Jack Dorsey Proposes Reshaping Manager Roles with AI
Billionaire entrepreneur Jack Dorsey has outlined a proposal to radically change management structures at his payments company, Block. In an essay coauthored with Sequoia partner Roelof Botha titled "From Hierarchy to Intelligence," Dorsey argues AI tools and smaller teams can replace traditional middle management, according to Fortune. Dorsey told a JPMorgan conference that Block currently has about five organizational layers beneath him and that he would like to reduce that to two to three layers by the end of the year, Yahoo Finance reports. Business Insider reports Dorsey described an "ideal case" where all 6,000 employees report directly to him on a podcast. Block published a related post describing efforts to build a company organized as intelligence, rather than hierarchy.
What happened
Jack Dorsey coauthored an essay with Sequoia partner Roelof Botha titled "From Hierarchy to Intelligence," arguing that AI-enabled systems and smaller teams can replace traditional middle management, per Fortune. Fortune also reports the essay calls for a persistent "world model" of operations and stronger customer signals to substitute for managerial routing of information. In public remarks reported by Yahoo Finance, Dorsey said at a JPMorgan conference that Block is currently about five layers deep beneath him and that he would like to reduce that to two to three layers by the end of the year. Yahoo Finance and Business Insider additionally report Dorsey said on a podcast that his "ideal case" would have all 6,000 Block employees reporting directly to him. Block published a company post summarizing efforts to "organize as intelligence," which aligns with the essay's themes.
Editorial analysis - technical context
Industry reporting frames the proposal as a convergence of two trends: adoption of AI copilots for knowledge work and ongoing organizational flattening. Companies are increasingly experimenting with AI tools that surface context, execute repetitive tasks, and centralize shared knowledge. Observed patterns in similar transitions: firms that push knowledge into searchable, versioned systems aim to reduce handoffs and the need for managers to act as information routers, but they also face challenges in capturing tacit context and ensuring decision traceability.
Context and significance
The proposal follows Block's workforce reduction in February that cut roughly 40% of staff, as reported by Fortune and Yahoo Finance. Public coverage places Dorsey's essay and remarks alongside other tech companies trimming middle management or layers, including recent moves reported at Amazon and Meta. For practitioners, the core significance is operational: replacing manager-mediated alignment with system-mediated alignment depends on high-quality data capture, persistent "world models," and tooling that embeds intent, provenance, and rationale into workflows.

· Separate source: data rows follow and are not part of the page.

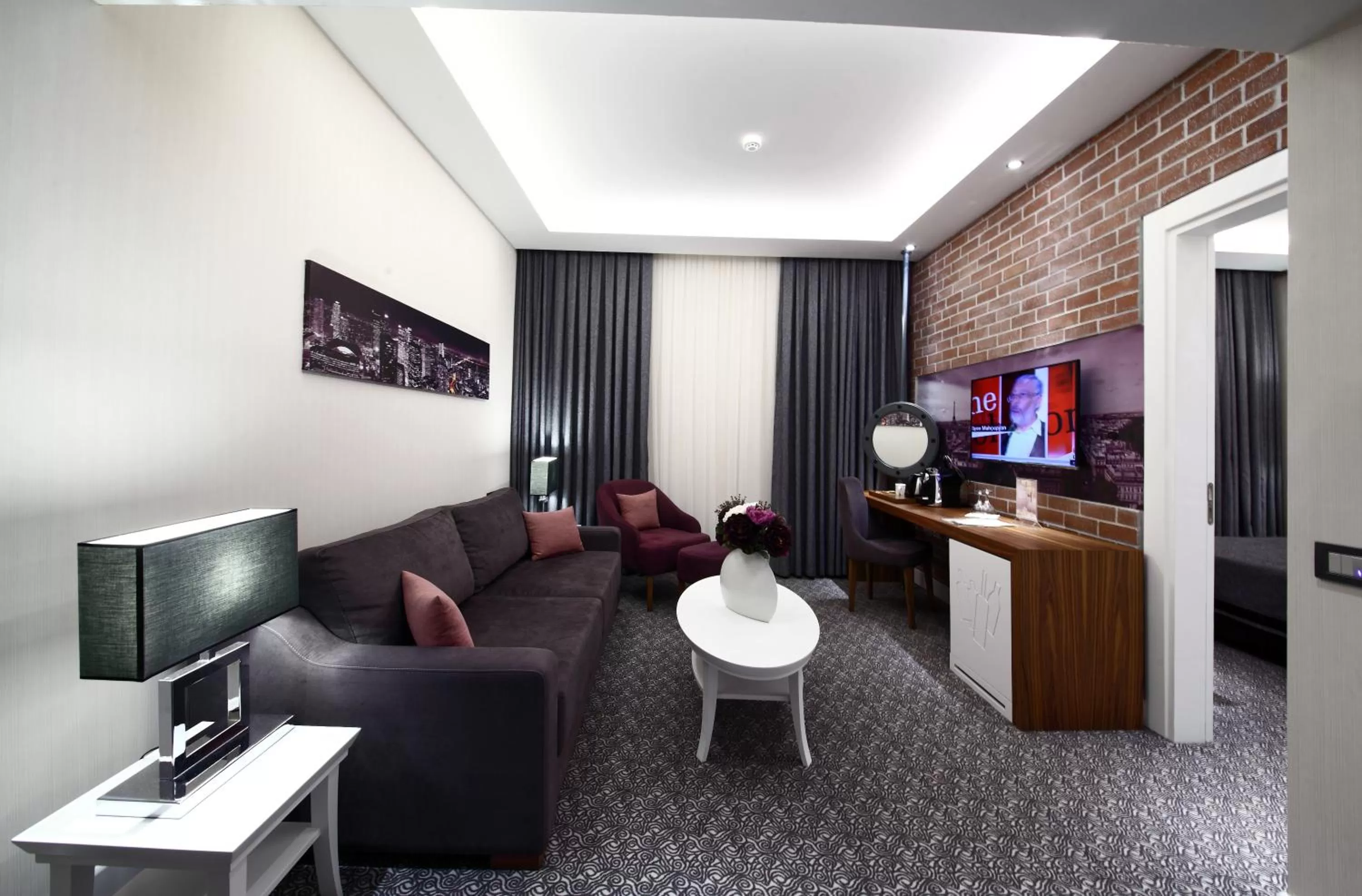 Living room in Montania Special Class Hotel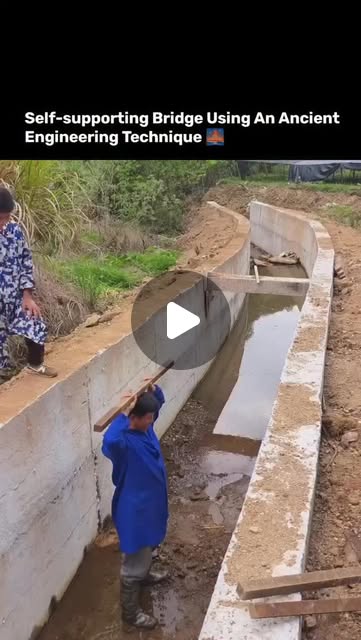 This instagram 15 second post capture the construction of a self-supporting bridge using an ancient …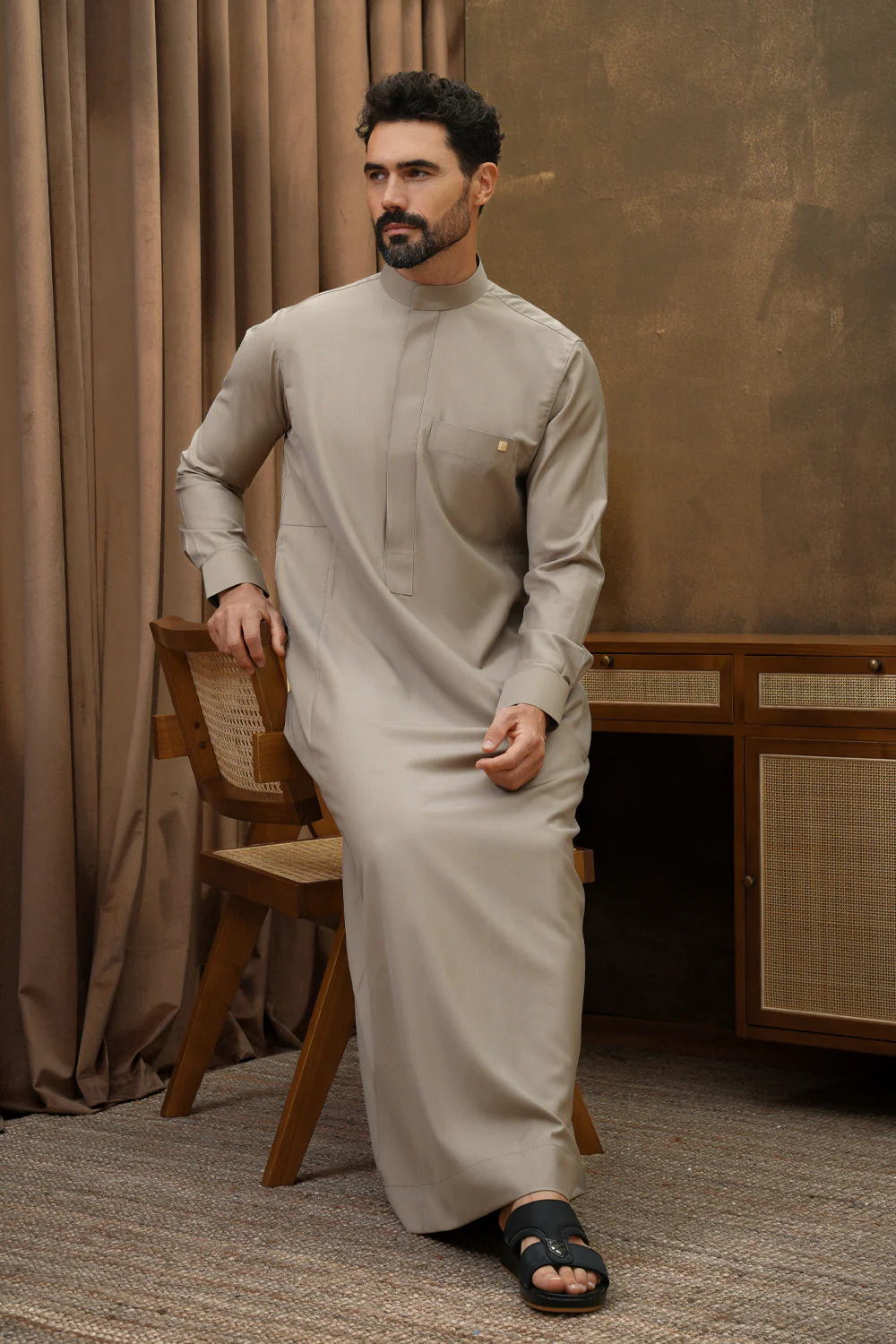 Royal Taupe Thobe - Image 4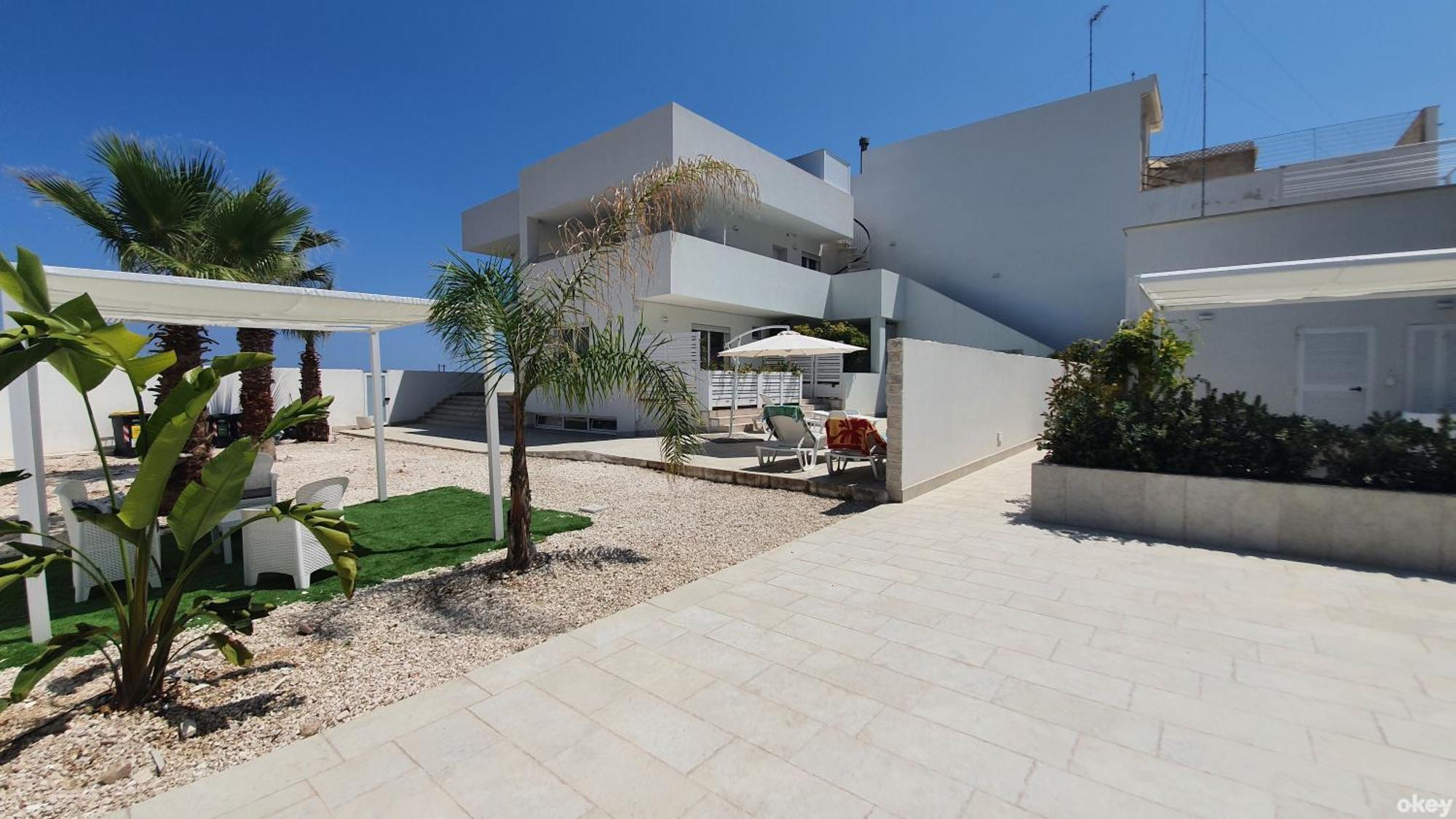 Villa Mediterranea Apartments - Seaview, Pool & Garden Бари Экстерьер фото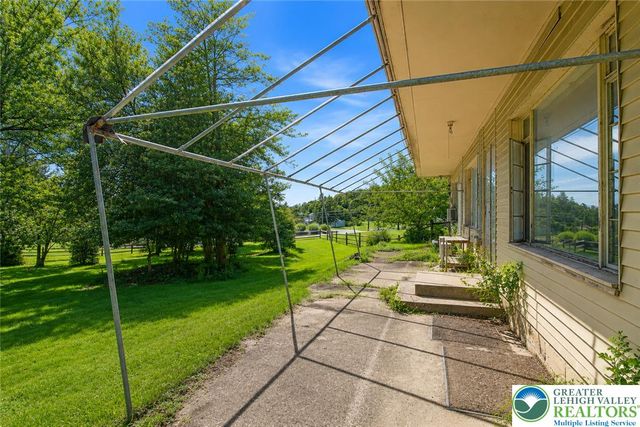 2160 Wassergass Road, Lower Saucon Twp, PA 18055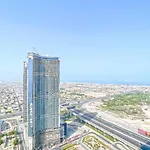 Bnbme - Waterfront Expansive Apt With Maid\'S Room, Poolside Cafe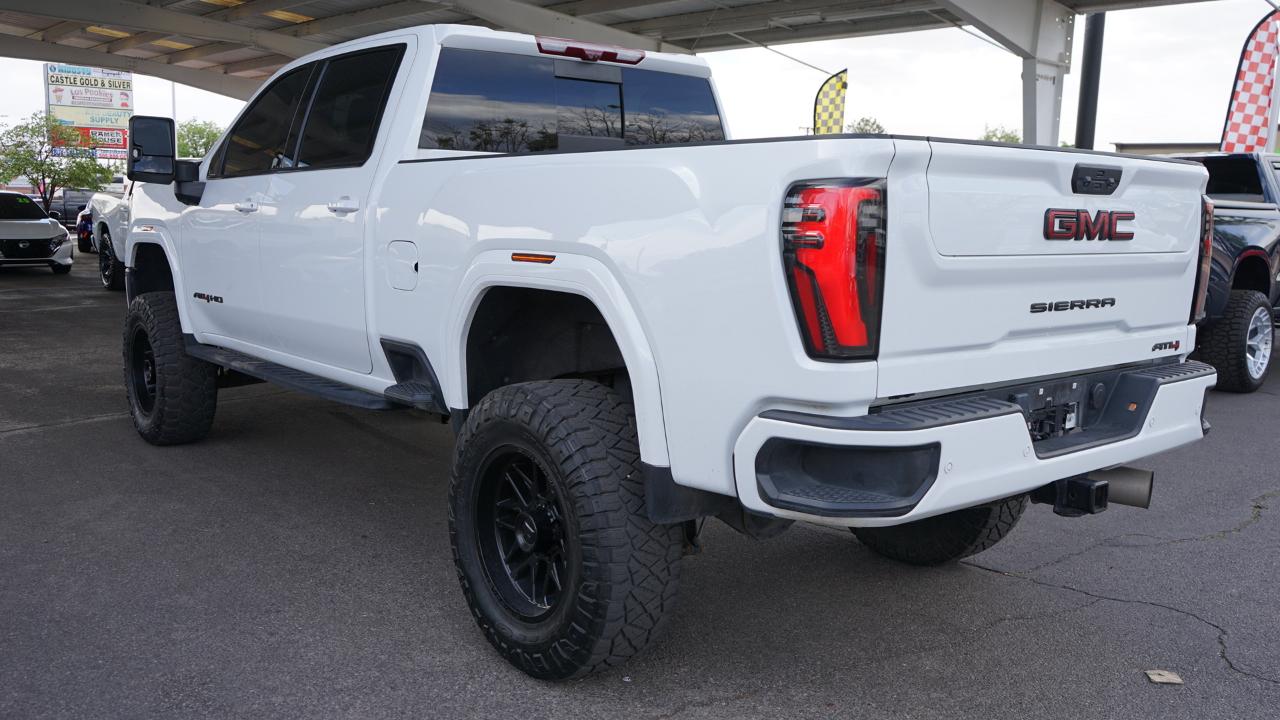 GMC Sierra 2500HD AT4 Crew Cab 4WD 2024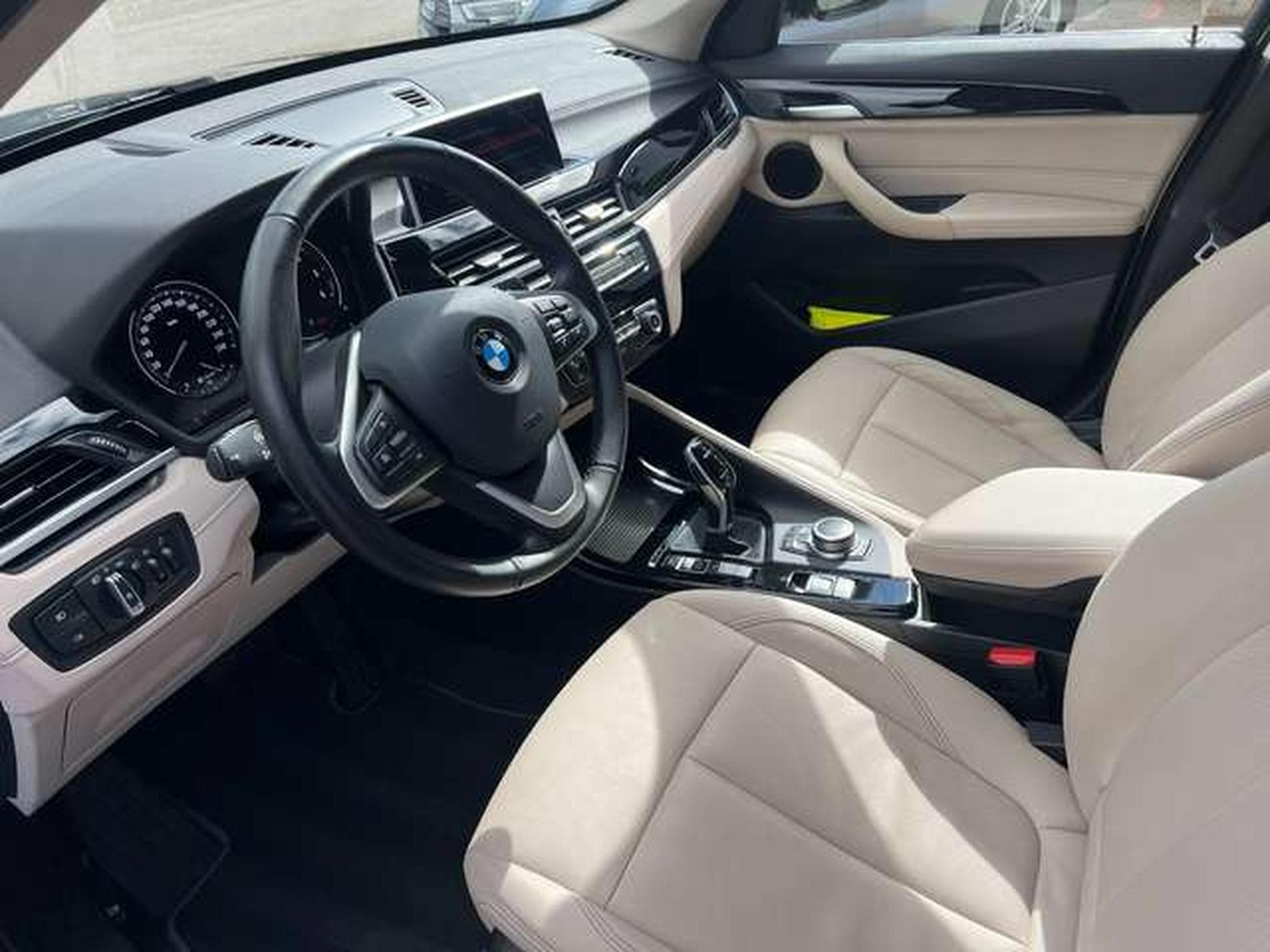 BMW X1 s-DRIVE 2.0 DIESEL 150 CV (2021) - Photo 5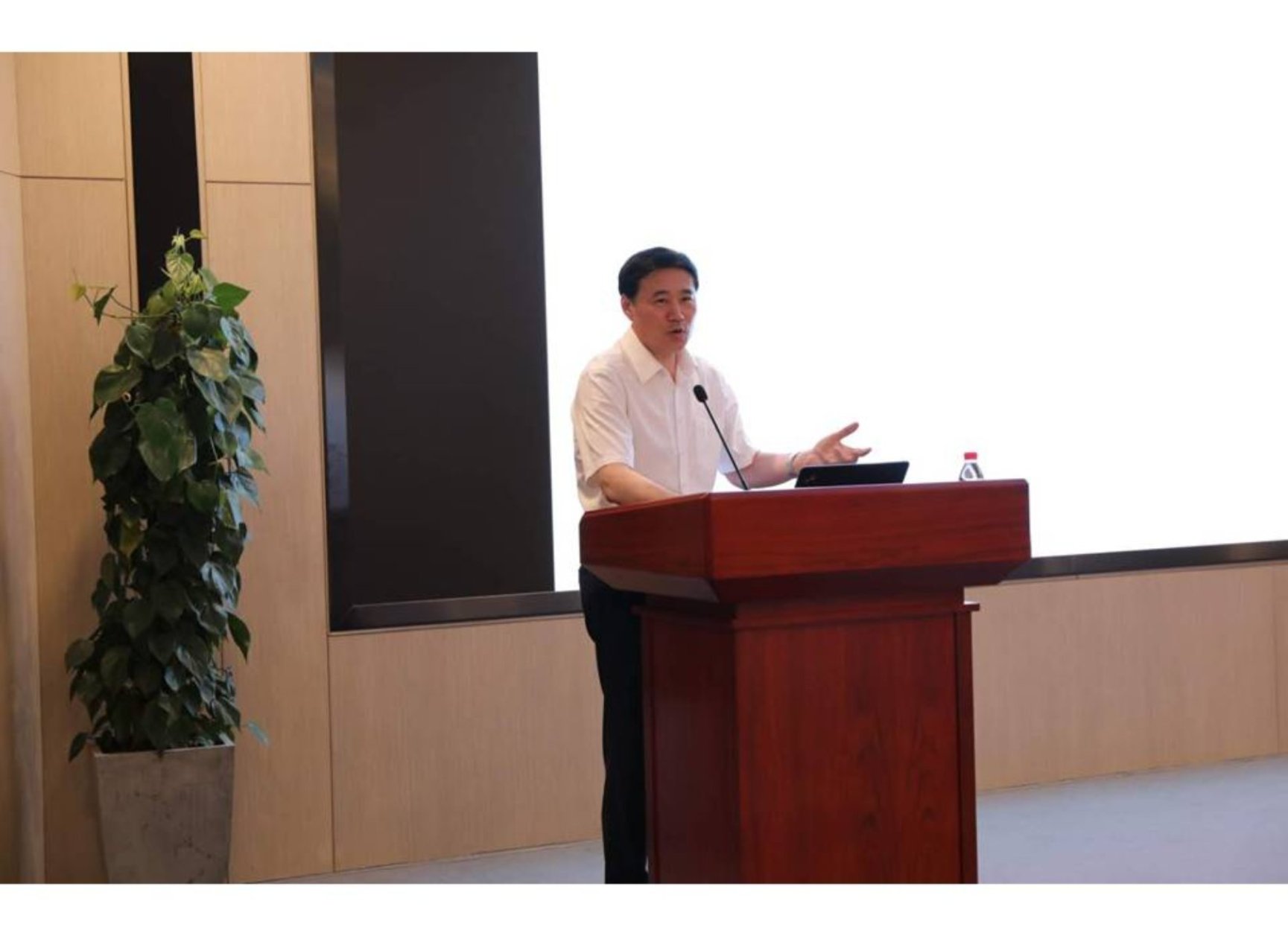 http://news.pku.edu.cn/images/2019-06/54d486aaf54b48f298bcc600637d1b9c.jpeg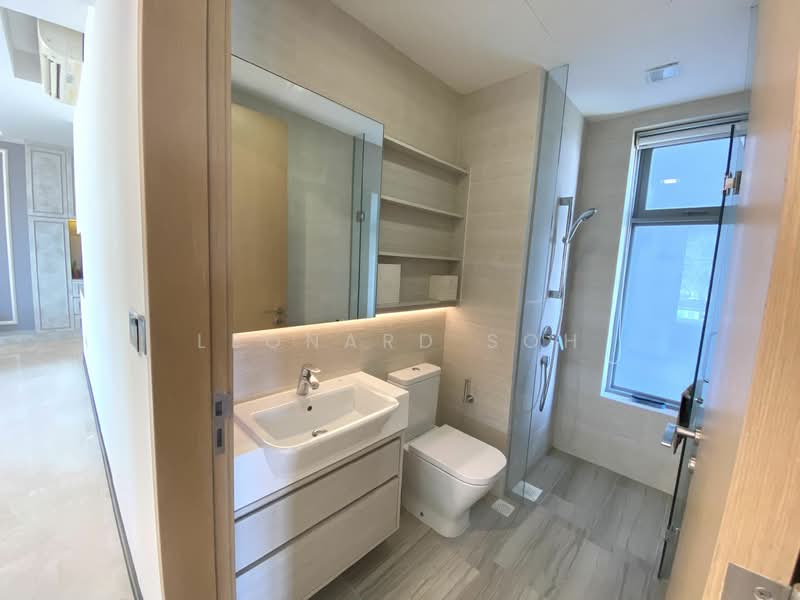 Alex Residences, 28 Alexandra View, 3 Bedrooms, 1,023 sqft, Apartment For Sale, by Leonard Soh, 500157924 - Bathroom - PropertyGuru.com.sg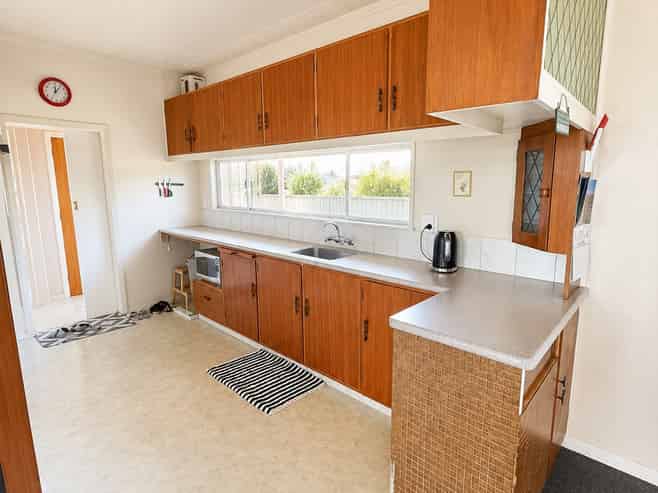 11 Kinloch Crescent, Witherlea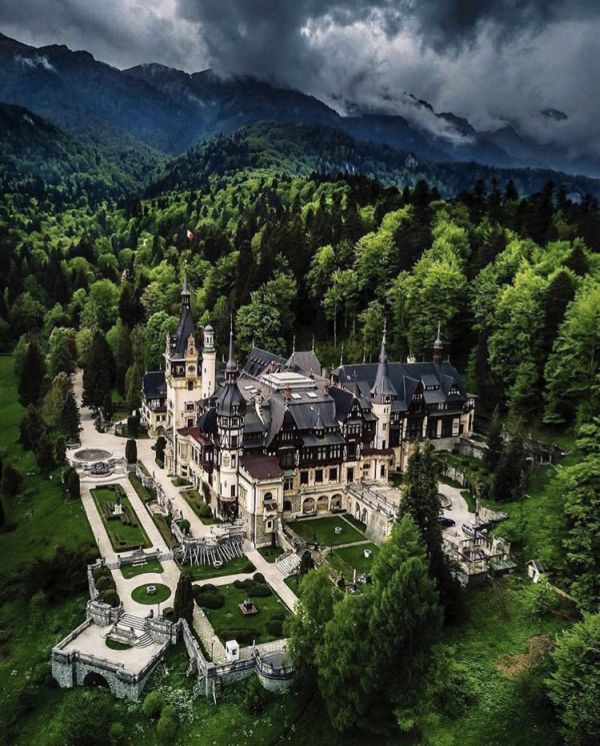 Fântâna centrală de la Castelul Peleş redevine funcţională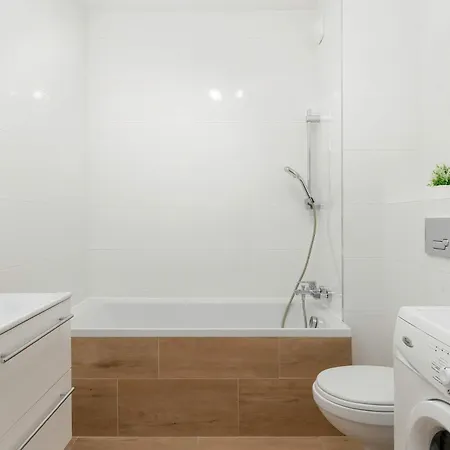 Baltic Breeze In With Parking & Access To The Outdoor Gym By Renters Daire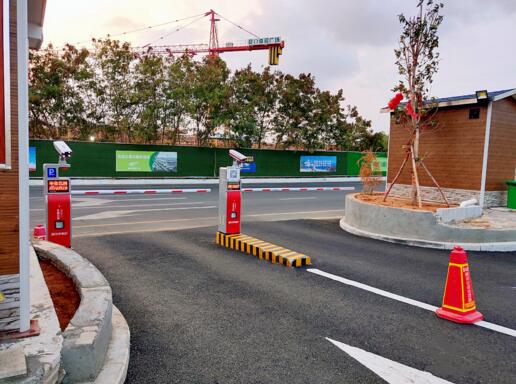 道爾停車設備新駐三亞高鐵站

Editorial analysis - operational implications for ML/DS teams
For practitioners: Building the type of company Dorsey and Botha describe requires durable engineering investments rather than incremental UI overlays. Teams would need provenance-aware data stores, richer metadata on decisions and experiments, and tooling for ranking and surfacing authoritative signals to humans and models. Observed patterns in organizations that attempt similar shifts include heavier investment in MLOps, knowledge-graph style indexing, and tooling for human-in-the-loop verification. Those capabilities change where and how data science and ML engineers spend time: more on robust telemetry, model explainability, and integrations that feed an operational "world model." This paragraph is industry analysis, not a claim about Block's internal roadmap.
What to watch
- •Adoption metrics: whether Block or peers publish concrete measures of speed-to-decision, error rates, or time-to-delivery after flattening layers.
- •Tooling signals: open-source or vendor announcements for "world model" primitives, decision-logging APIs, or provenance frameworks aimed at replacing managerial routing.
- •Organizational experiments: case studies from companies that scale manager-to-engineer ratios dramatically, including attrition, onboarding time, and employee satisfaction, as reported by neutral outlets.
Bottom line
Editorial analysis: Dorsey and Botha's proposal crystallizes a debate about the limits of hierarchy in knowledge work and the plumbing required to run large organizations as intelligence layers. Realizing that vision is primarily an engineering and product challenge for ML/DS teams: it requires durable, auditable, and searchable decision data, not just more LLM copilots. The broader consequences for talent structures and workplace experience will be visible only after organizations publish measurable outcomes from large-scale experiments.
Scoring Rationale
Notable: a high-profile founder is publicly advocating structural change driven by AI, which matters to practitioners designing tooling and data infrastructure. The story is not a model or regulatory milestone, so its impact is important but not industry-shaking.